What is needed is an exact reproduction of the lines from the one that contains "Церкви Казани, фото" through the end of the data, both included and nothing else, with pictures omitted.

Source data:
####################
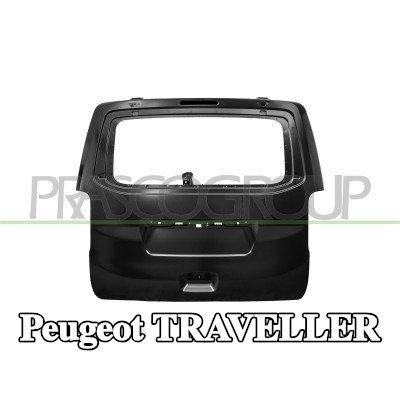 PRASCO باب صندوق الأمتعة — Peugeot Traveller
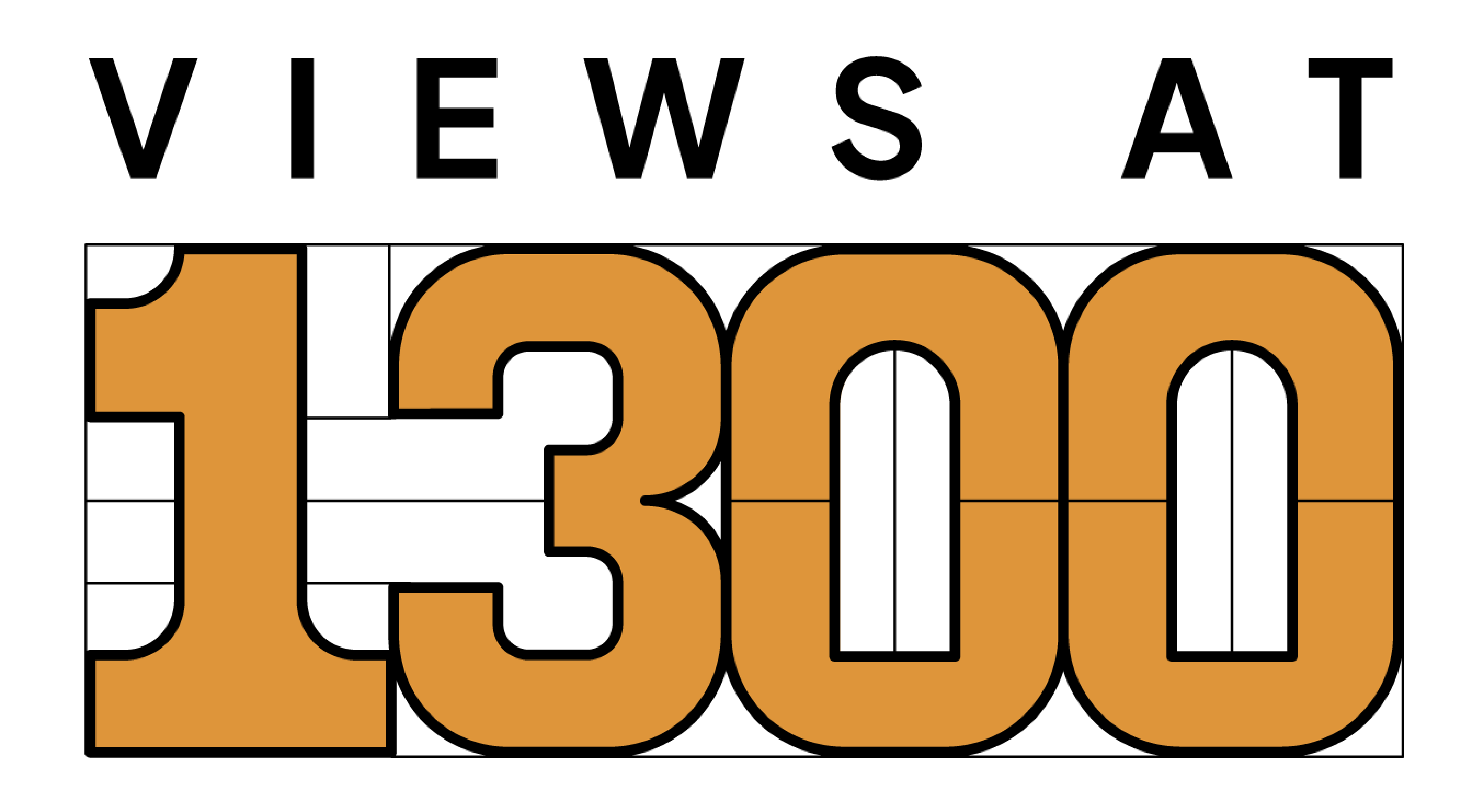 Views at 1300 Views at 1300 Logo
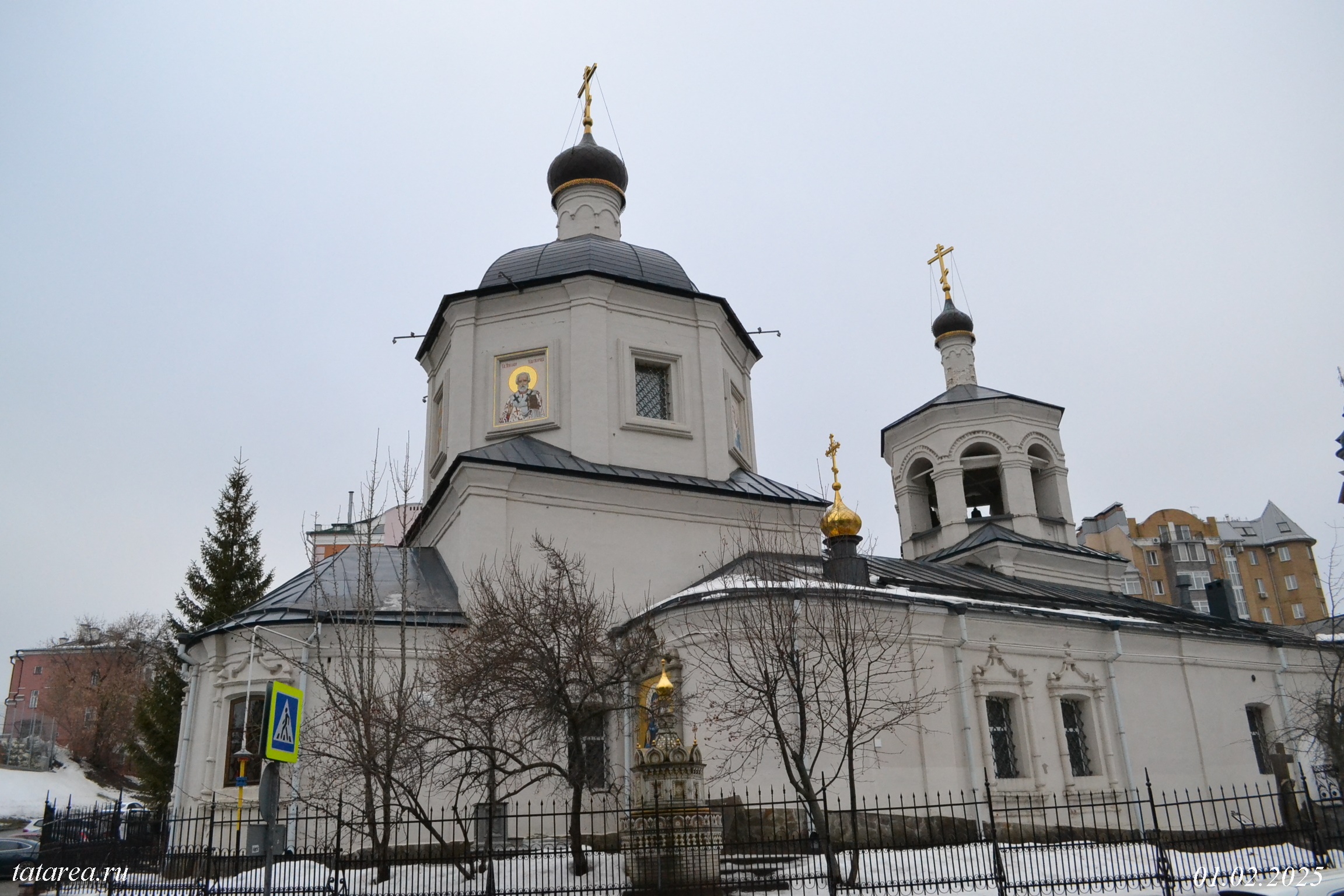 Церкви Казани, фото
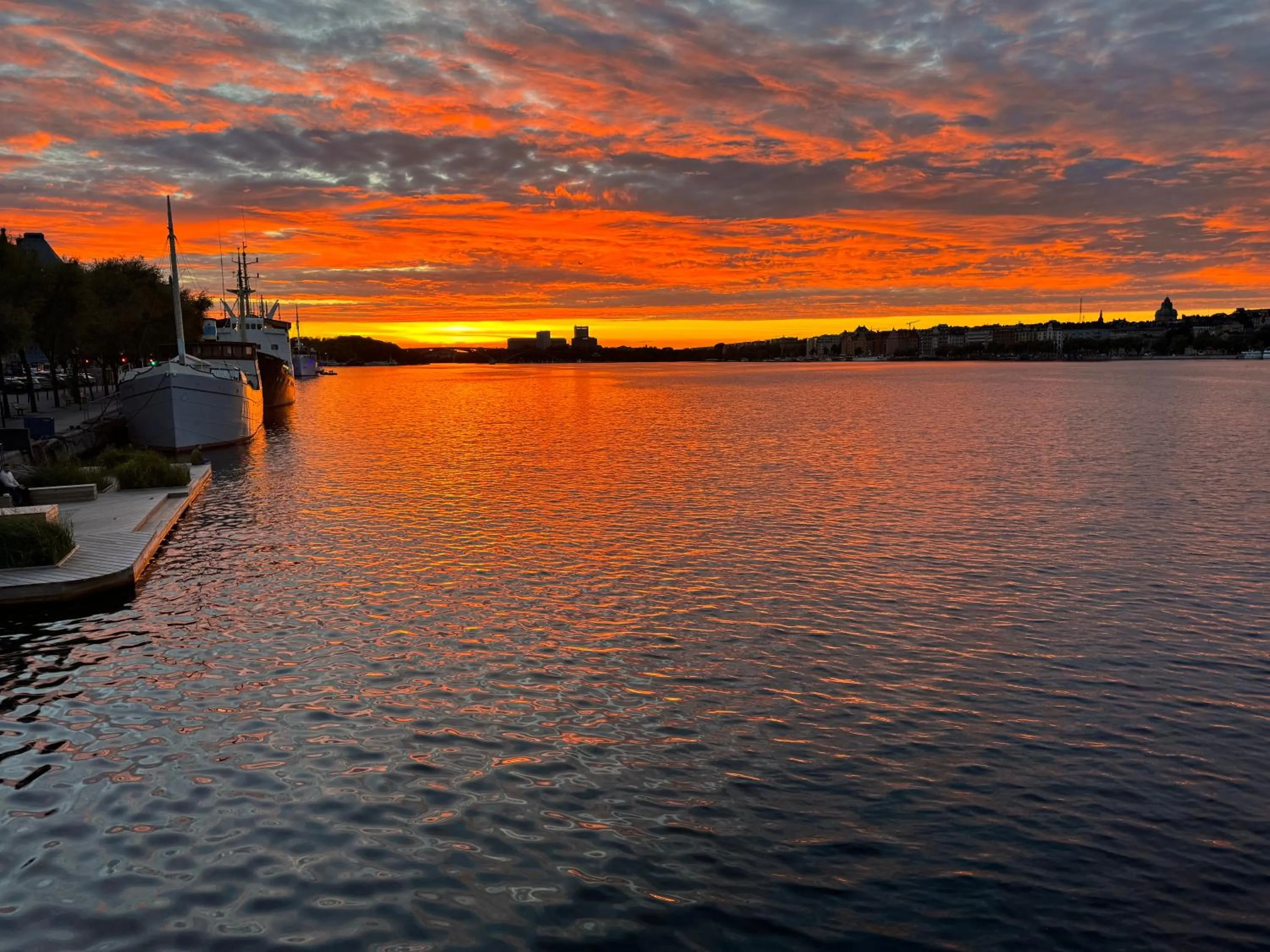 Sea view in Rygerfjord Hotel & Hostel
####################
Written response:
 Церкви Казани, фото
 Sea view in Rygerfjord Hotel & Hostel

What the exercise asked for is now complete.